(Dataset extract)
- - - - - - -

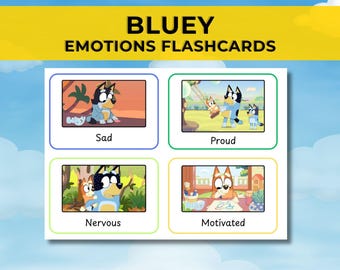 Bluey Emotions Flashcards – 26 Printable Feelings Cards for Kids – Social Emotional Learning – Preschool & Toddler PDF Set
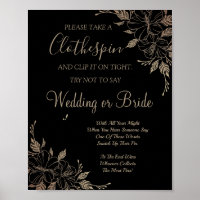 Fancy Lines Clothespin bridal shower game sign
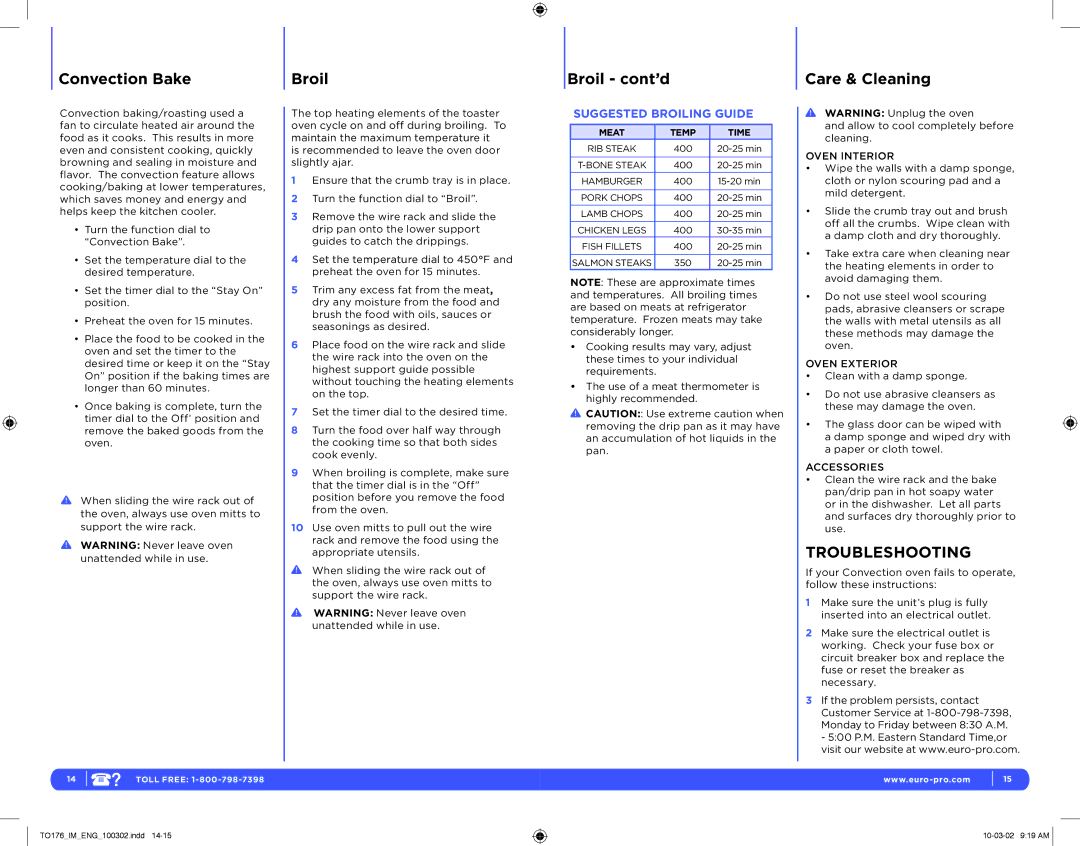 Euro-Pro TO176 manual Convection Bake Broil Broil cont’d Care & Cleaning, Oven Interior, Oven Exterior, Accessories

- - - - - - -

(Problem description)
Could you reproduce all of the material exactly? Keep the pictures out of it.

(Solution below)
 Bluey Emotions Flashcards – 26 Printable Feelings Cards for Kids – Social Emotional Learning – Preschool & Toddler PDF Set
 Fancy Lines Clothespin bridal shower game sign
 Euro-Pro TO176 manual Convection Bake Broil Broil cont’d Care & Cleaning, Oven Interior, Oven Exterior, Accessories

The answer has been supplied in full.